Servers are in Workgroup.

Our Password Complexity Parameters for SQL login:

  1. has at least one digit
  2. has at least one uppercase character
  3. has at least one special character
  4. has at least one lowercase character

We are able set initial password for new SQL login as a TestingDB@001 and testingdb@001. But new initial password should be TestingDB@001 NOT testingdb@001 as per above Complexity Parameters. Is this expected behaviour of SQL 2017 for SQL login password?

We have tried to create OS user (non admin windows account), OS level also its taking both passwords (TestingDB@001 and testingdb@001). As per above Complexity Parameters, it should accept only TestingDB@001 password. Is the above SQL login password issue is due to OS?

Please suggest how to achieve above Complexity Parameters in password creation.

We have set below policy in local computer policy on DB server. enter image description here

  • Have you read through the documentation to confirm you have everything setup properly? – LowlyDBA - John M Apr 9 '20 at 15:01
  • HI , Yes, I have already read doc. My requirement is password should be TestingDB@001. But It's accepting both passwords - TestingDB@001 and testingdb@001. – Sridhar G Apr 10 '20 at 3:58
  • Hello, @SridharG. Were you able to fix this problem? – Ronaldo May 20 '20 at 13:12

Is this expected behaviour of SQL 2017 for SQL login password?
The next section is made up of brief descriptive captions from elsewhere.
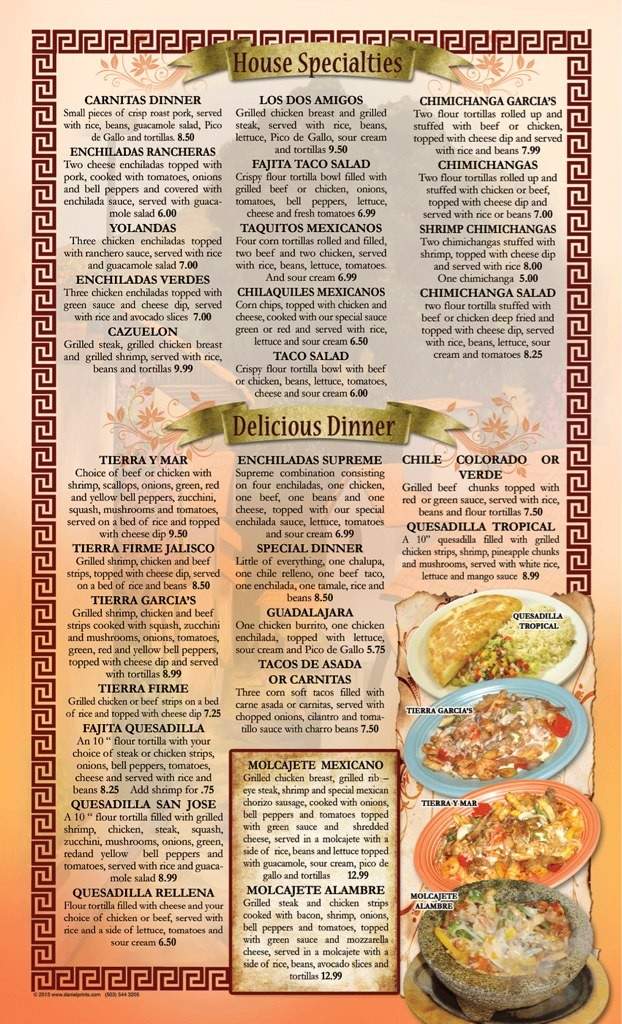 Papa Grande - Owensboro, KY menu_pic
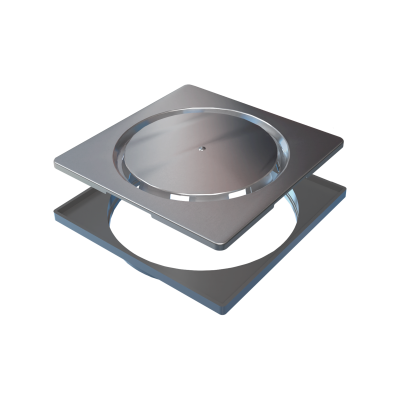 Grelha Abre e Fecha Novii Inox Escovado 15 cm x 15 cm com Porta Grelha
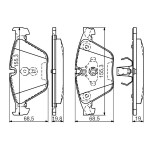 BOSCH Bremsbelagsatz, Scheibenbremse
Yes, it is expected. You might have overlooked the three of the following four categories part of the Password Complexity doc:

  • The password contains characters from three of the following four categories:
    • Latin uppercase letters (A through Z)
    • Latin lowercase letters (a through z)
    • Base 10 digits (0 through 9)
    • Non-alphanumeric characters such as: exclamation point (!), dollar sign ($), number sign (#), or percent (%).

Therefore the password TestingDB@001 has characters from the four categories while testingdb@001 has characters from three (which is the minimum acceptable to pass), so both passwords are in accordance with the policy.

As for the Windows login it has a policy Reference that is quite like the one from SQL Server and also says The password contains characters from three of the following categories.